当然俺は理由を知っている。というか機嫌のいい理由がこの俺だ。要するに俺と千反田が付き合い始めたからなのだが。
『二人に気を遣わせたりするのはどうかと思うのでこのことは秘密にしておこう』という言葉に、千反田は一瞬だけ不満そうな表情を浮かべたが、すぐに破顔して頷いた。
喜びを他と共有出来ないのは残念だが二人だけの秘密ができて嬉しい、といったとこだろう。
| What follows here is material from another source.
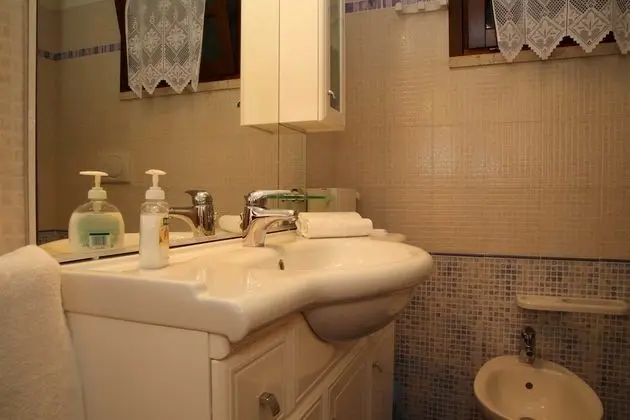 Classic Apart Daire, 1 Yatak Odası, Mutfak, Ek Bina (Basement)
…………いつから俺は千反田専門心理学者になったのやら。
ふう、と溜め息をつくと里志がにやにやと話し掛けてくる。
「駄目だよホータロー、溜め息を一つつく度に幸せは逃げると言うよ」
「逆だろう、幸せが逃げると溜め息をつくんだ」
「なるほど、つまり」
里志は大仰なポーズをとる。
「少なくとも今のホータローは逃げるくらいの幸せを持っているということだね」
「お前のポジティブ思考がうらやましいよ」
まあ確かに。
幸せと言えば幸せなのだろう。
適度な学校生活を送り、適度な私生活を送り、好きな人がいて付き合っている。
平均的に見ても灰色というよりは薔薇色よりの高校生活だ。
特に薔薇色なんぞ求めていなかった俺が、だ。
思わず苦笑してしまう。
「……折木、気持ち悪いわよその笑い」
奇遇だな。俺もそう思う。
「さて、そろそろお暇しようかな」
「あ、あたしも」
里志が鞄を手に取ると伊原も立ち上がる。
「ホータローは?」
「もう少しでこれが読み終わる」
「まだいるってことね」
「じゃあ戸締まりは頼むよ」
「ああ」
「千反田さんが来たらよろしく言っといて」
「……ああ」
里志は何か気付いているのだろうか。いや、勘繰り過ぎだ。
しかし。
二人が出て行ってあと、窓の外を眺める。
まだ完全下校時間には余裕があった。それでも大した内容ではないペーパーバックの続きを一気に読んでしまおうという気にはならない。
つまるところ俺は。
千反田が来ないか期待しているのだ。
そして。
「あ、折木さんまだいらっしゃったんですね」
ガラガラと扉を開けながら千反田が入ってきた。
「ああ。用事は済んだのか」
「はい」
古典部部長として何らかの集会に参加していたらしい。ご苦労なことだ。
千反田は後ろ手に扉を閉め、真っ直ぐこちらに寄ってくる。
そのまま俺の隣に座り、黙ったままにこにこと笑顔を俺に見せた。
この無邪気に向かってくる好意が俺は苦手だ。簡単に言うと気恥ずかしいのである。
俺たちの関係を秘密にしているのも単に俺が恥ずかしいからというのが大きな理由だったりするのだ。
少し俺が身を引くとその分千反田が身体を寄せてくる。
「あんまりくっつくな、離れろ」
「えー、いいじゃないですか。誰も見てませんし」
何というか、こいつには危機意識はないのだろうか?
普段から省エネ省エネ言ってまるで枯れてる扱いをされてはいるが、俺だって一介の男子高校生なのだ。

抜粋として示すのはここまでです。